Image www.deviantart.com

En ce jour de Vendredi Saint (crucifixion de NS Jésus Christ), j’ai choisi d’aborder le thème de la mort dans un registre plus « païen » mais néanmoins vivace en Bretagne bretonnante, pour certains, ne serait-ce que dans le folklore. Dans toute la partie bretonnante des Côtes d’Armor, il y a la place de l’Ankou,  funeste personnage permettant de comprendre qu’en terre bretonne, la mort n’est pas taboue puisque nous côtoyons chaque jour l’âme des défunts.

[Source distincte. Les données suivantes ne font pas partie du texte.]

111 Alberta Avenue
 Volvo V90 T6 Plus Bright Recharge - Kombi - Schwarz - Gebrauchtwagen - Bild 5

L’Ankou est à la fois la mort personnifiée, l’ouvrier de la mort et l’annonciateur du trépas. Cette description date du XIX° siècle alors que le nom Ankou (sans plus de précision quant à sa vocation) apparaît dès le IX° siècle.

Celui qui croise sa route (croisait ?) reçoit un message, il ne faut pas le regarder en face sinon il vous emmène, courir se cacher, les roues de sa charrette, sur laquelle son compagnon pose les corps fauchés ce jour-là, grincent donc on l’entend de loin. L’Ankou est maigre, grand avec de longs cheveux blanc sous un chapeau à large bord, sa robe est un linceul et son outil, une faux montée à l’envers.

Les bretons ont un profond respect pour la mort et ne la considèrent pas comme une fin en soi, les âmes des morts étant toujours parmi nous. « Ils reviennent chaque soir se réchauffer devant l’âtre, d’où une interdiction de balayer après l’Angélus du soir ce qui les chasserait » (d’après Daniel Giraudon*).

Autrefois, chaque mariage était précédé d’un office pour les morts, une façon de les associer à la fête.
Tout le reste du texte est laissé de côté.